Using multiobjective optimization to reconstruct interferometric data

II. Polarimetry and time dynamics

¹ Departament d’Astronomia i Astrofísica, Universitat de València, C. Dr. Moliner 50, 46100 Burjassot, València, Spain
e-mail: alejandro.mus@uv.es
² Observatori Astrònomic, Universitat de València, Pare Científic, C. Catedràtico José Beltrán 2, 46980 Paterna, València, Spain
³ Max-Planck-Institut für Radioastronomie, Auf dem Hügel 69, 53121 Bonn (Endenich), Germany
⁴ National Radio Astronomy Observatory, 1011 Lopezville Rd, Socorro, NM 87801, USA
e-mail: hmueller@mpifr-bonn.mpg.de

Received: 10 October 2023
Accepted: 22 January 2024

Abstract

Context. In very long baseline interferometry (VLBI), signals recorded at multiple antennas are combined to form a sparsely sampled virtual aperture with an effective diameter set by the largest separation between the antennas. Due to the sparsity of the sampled aperture, VLBI imaging constitutes an ill-posed inverse problem. Various algorithms have been employed to deal with the VLBI imaging, including the recently proposed multiobjective evolutionary algorithm by decomposition (MOEA/D) described in the first paper of this series.

Aims. Among the approaches to the reconstruction of the image features in total intensity from sparsely sampled visibilities, extensions to the polarimetric and the temporal domain are of great interest for the VLBI community in general and the Event Horizon Telescope Collabroration (EHTC) in particular. Based on the success of MOEA/D in presenting an alternative claim of the image structure in a unique, fast, and largely unsupervised way, we study the extension of MOEA/D to polarimetric and time dynamic reconstructions in this paper.

Methods. To this end, we utilized the multiobjective, evolutionary framework introduced for MOEA/D, but added the various penalty terms specific to total intensity imaging time-variable and polarimetric variants, respectively. We computed the Pareto front (the sample of all non-dominated solutions) and identified clusters of close proximities.

Results. We tested MOEA/D with synthetic data sets that are representative for the main science targets and instrumental configuration of the EHTC and its possible successors. We successfully recovered the polarimetric and time-dynamic signature of the ground truth movie (even with relative sparsity) and a set of realistic data corruptions.

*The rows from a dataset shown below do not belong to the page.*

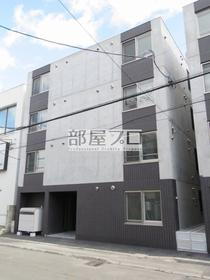北海道札幌市中央区南四条西１３ 4階建 築6年10ヶ月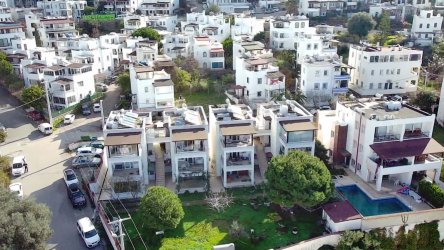 KİRALIK DAİRE - BODRUM TURGUTREİS MERKEZDE BAHÇE KATI 2+1 DAİRE - REF- 3141-1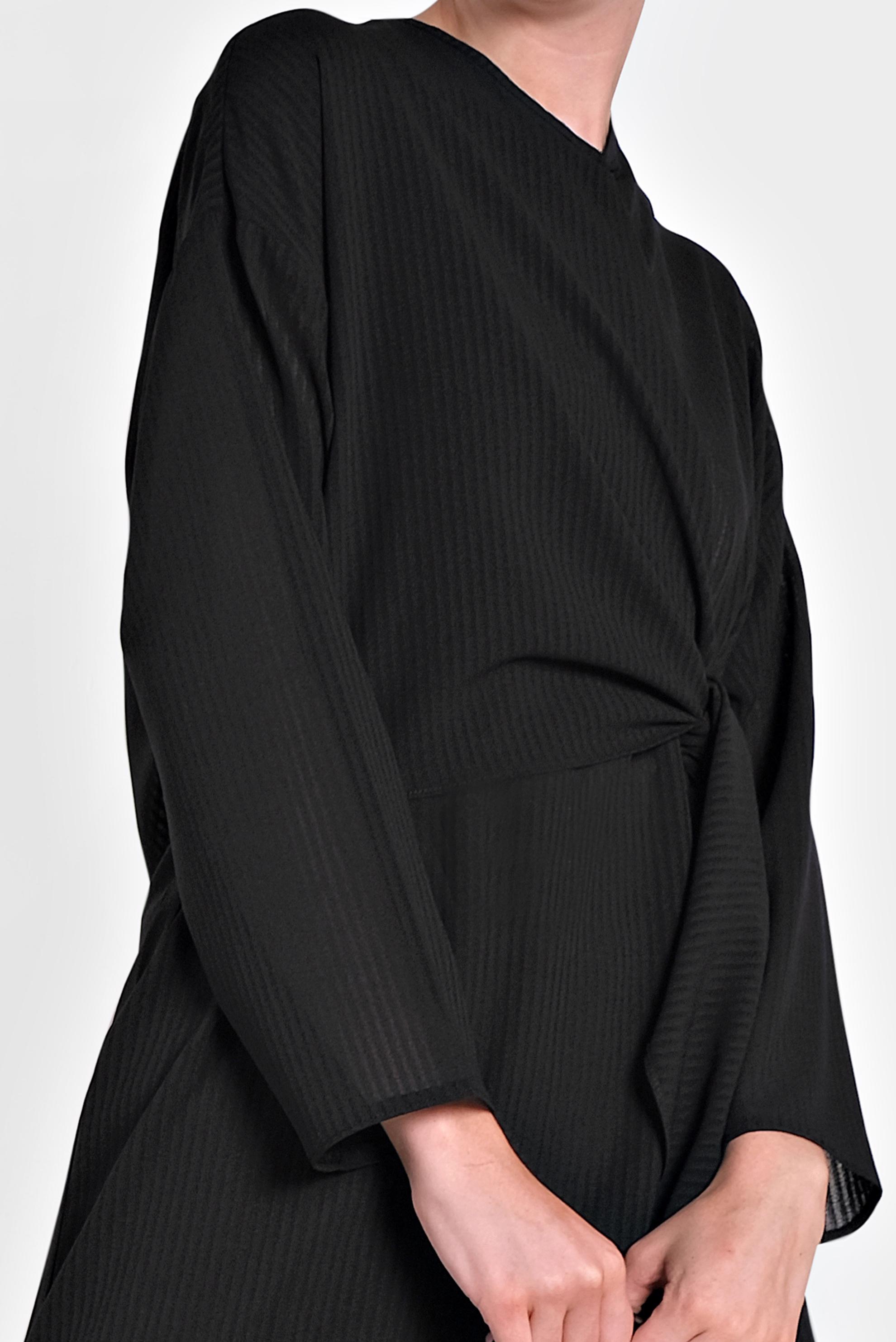 Tesettür giyim SİYAH BAĞLAMA DETAYLI İNCE YAZLIK TUNİK 4436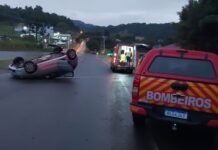 Veículo capota na entrada da Linha Santa Bárbara, em Videira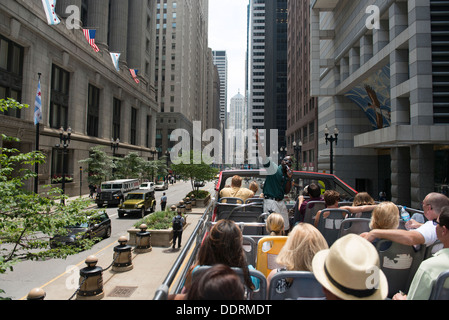 Touristen Reisen in eine Open-Air-Bus mit einem Tour Guide, Michigan Avenue, Chicago, Cook County, Illinois, USA Stockfoto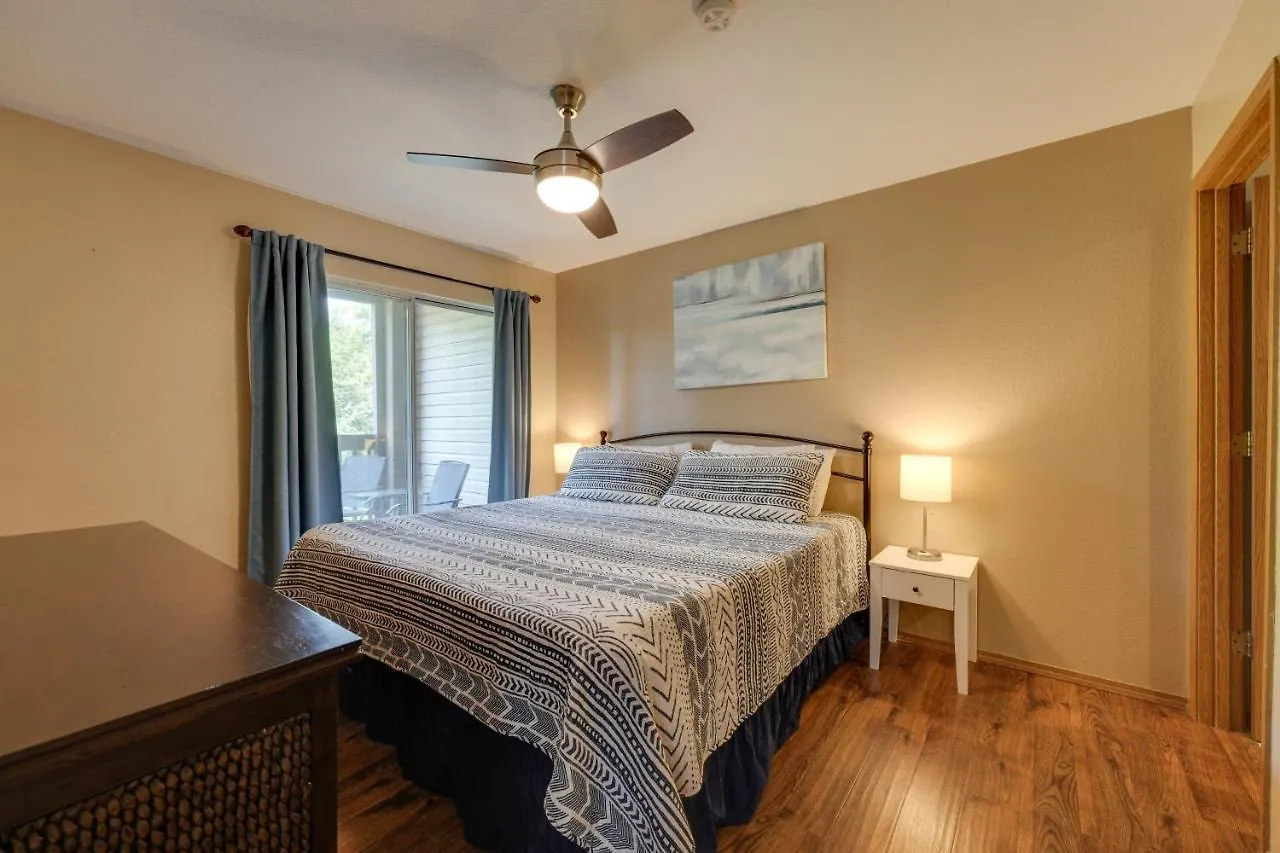 With Lake Access And Amenities! Apartment Branson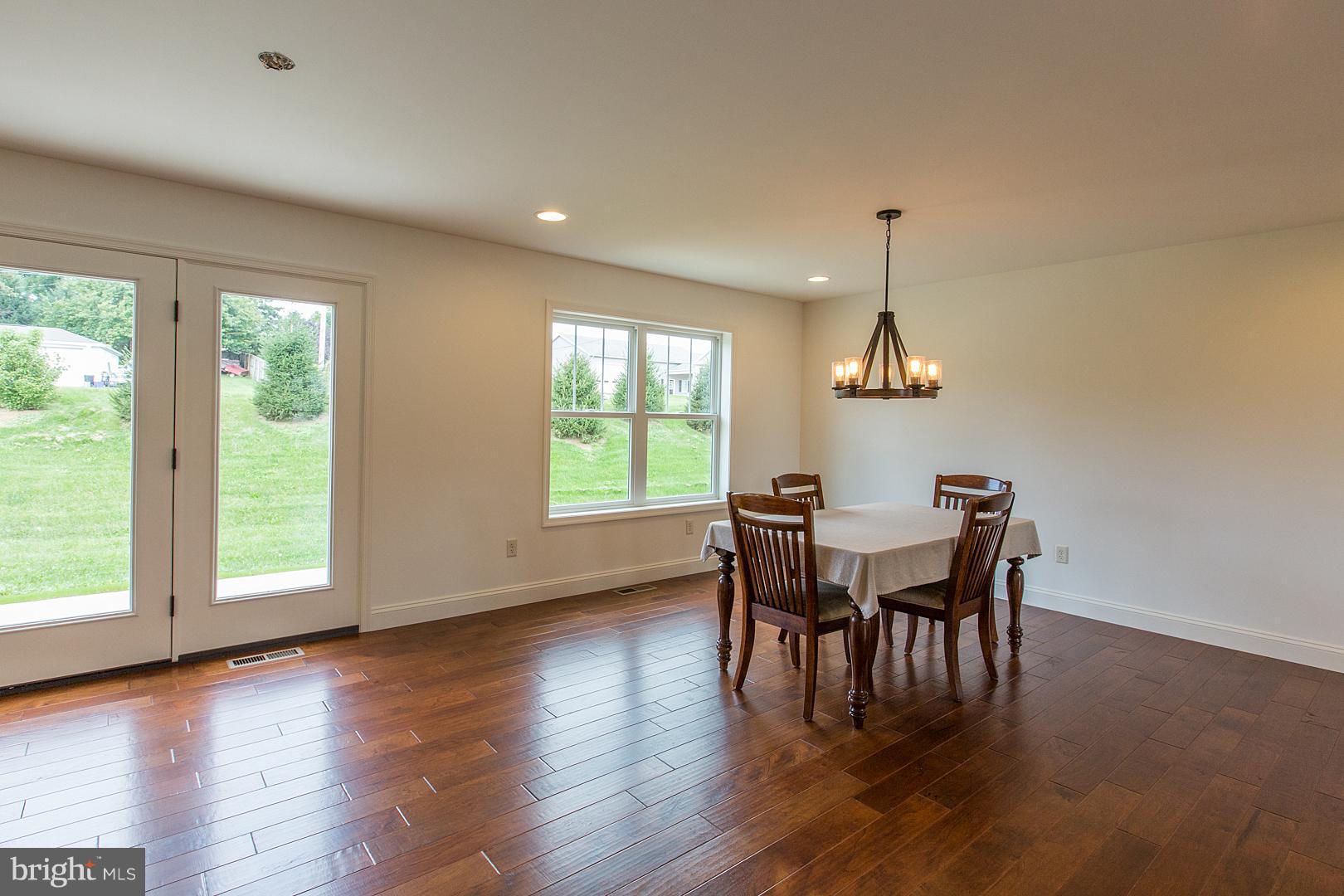 507 Madison Way Manheim, PA 17545 - Photo 6 of 37 Example of Similar Home - Not an exact Replica
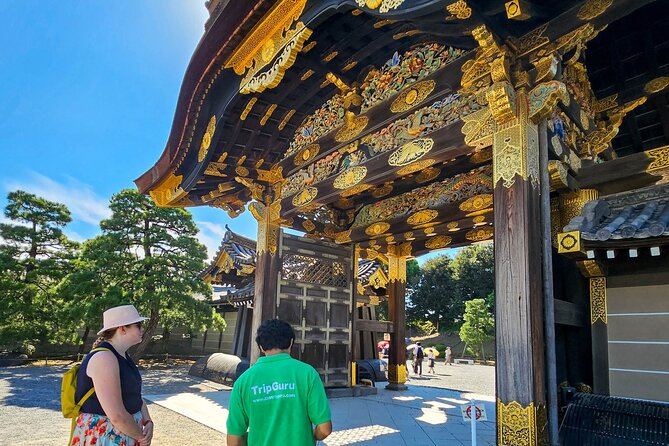 Kyoto Imperial Palace & Nijo Castle Guided Walking Tour - 3 Hours - Small-group feel: why it’s more than a comfort perk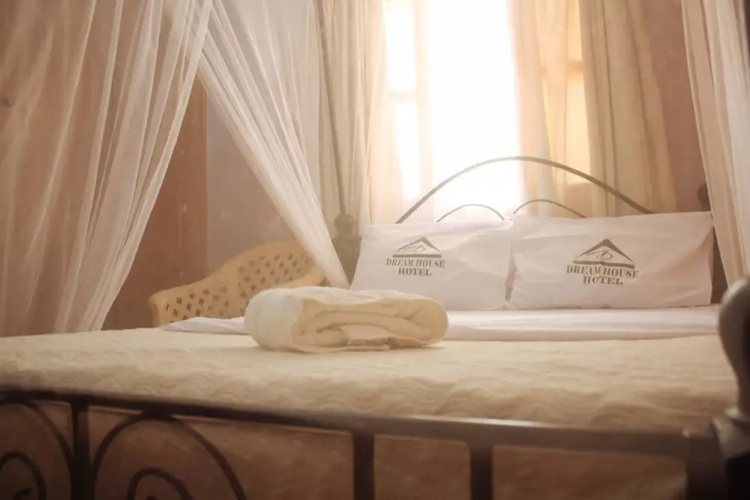 Dream House Hotel Ltd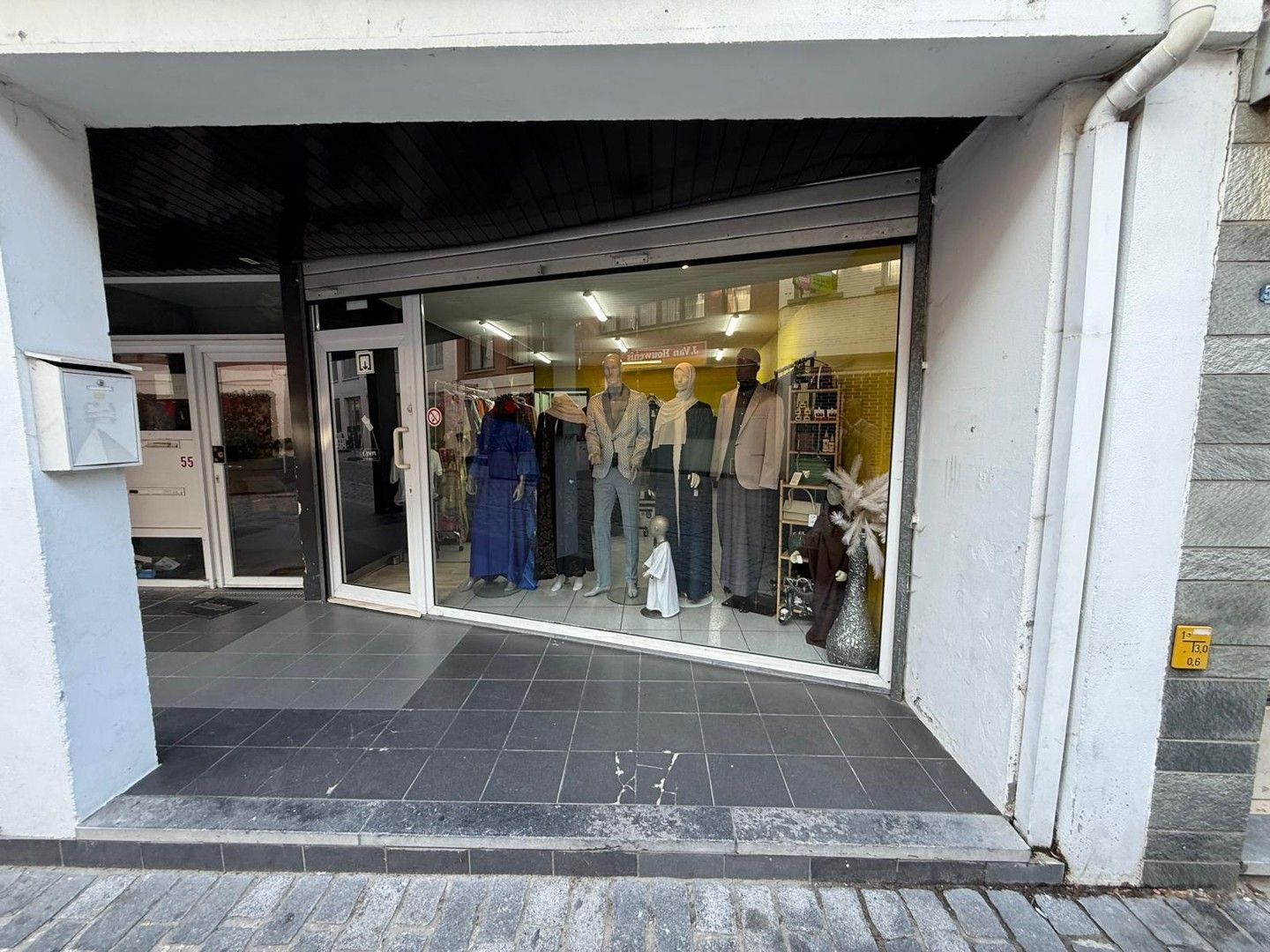 VERHUURD COMMERCIEEL GELIJKVLOERS foto 2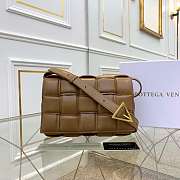 Bottega Veneta Cassette Bag Brown - 26x18x8cm - 1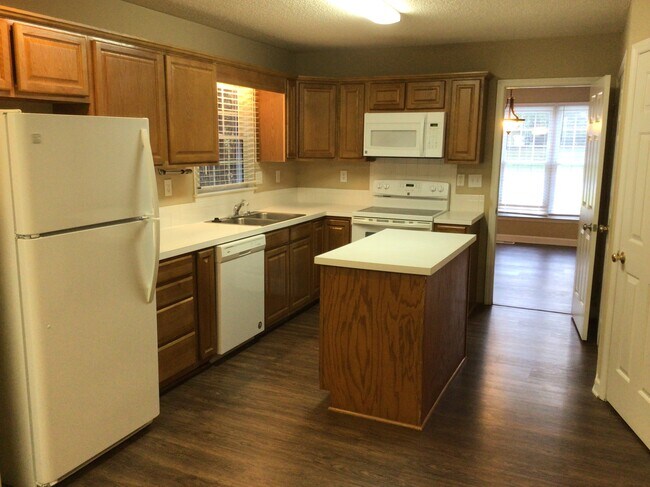 Photo - 1143 Sequoia Dr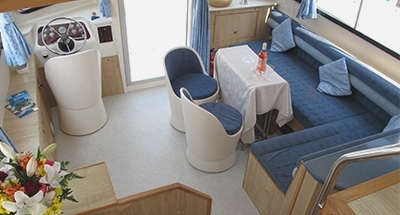 Barco Calypso interior e salão 1001 1002 Alsácia Canal du Midi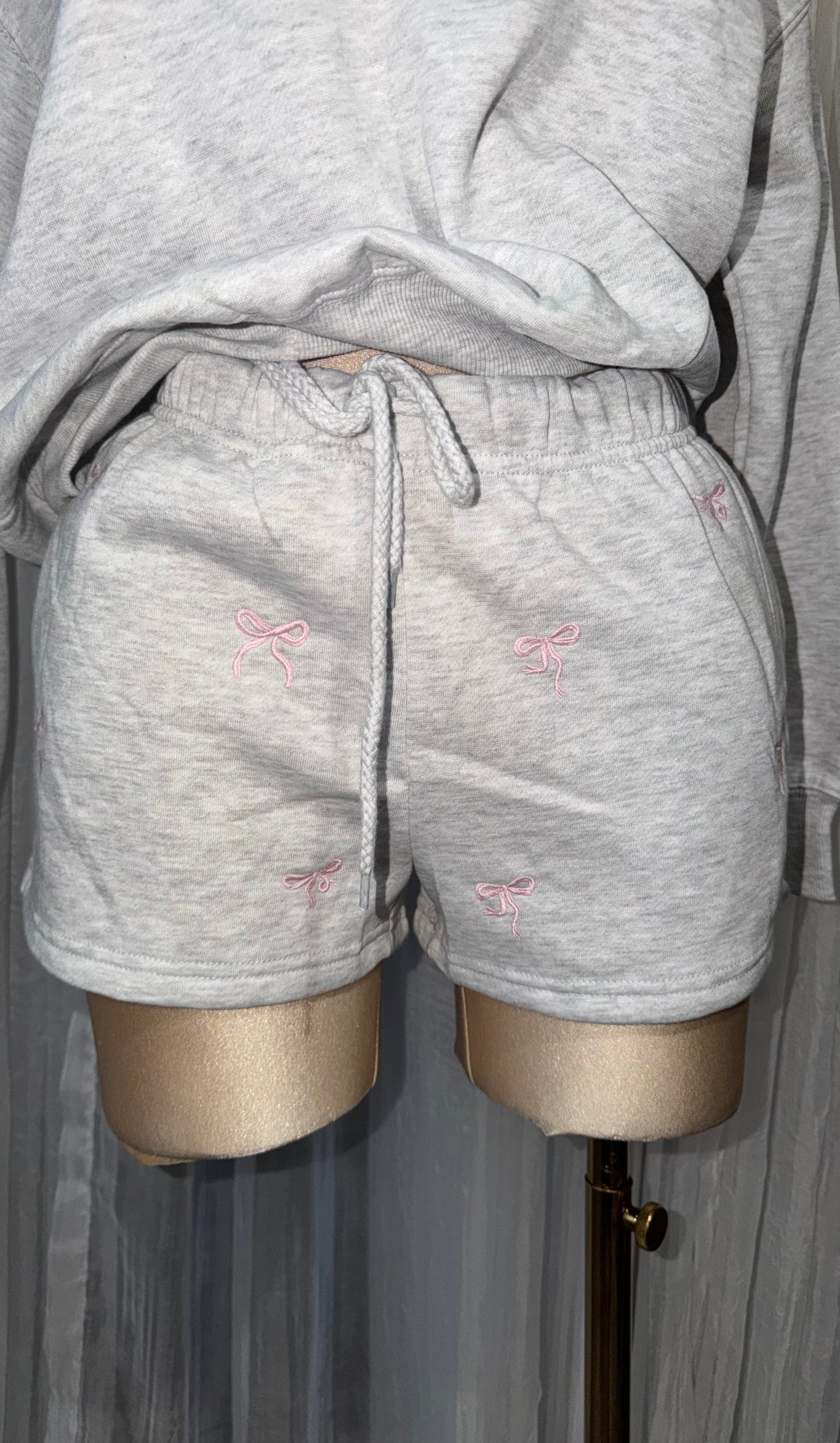 Embroidered bow shorts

Conclusions. MOEA/D has been successfully extended to polarimetric and time-dynamic reconstructions and, specifically, in a setting that would be expected for the EHTC. It offers a unique alternative and independent claim to the already existing methods, along with a number of additional benefits, namely: it is the first method that effectively explores the problem globally and compared to regularized maximum likelihood (RML) methods. Thus, it waives the need for parameter surveys. Hence, MOEA/D is a novel, useful tool to characterize the polarimetric and dynamic signatures in a VLBI data set robustly with a minimal set of user-based choices. In a consecutive work, we will address the last remaining limitation for MOEA/D (the number of pixels and numerical performance), so that MOEA/D can firmly solidify its place within the VLBI data reduction pipeline.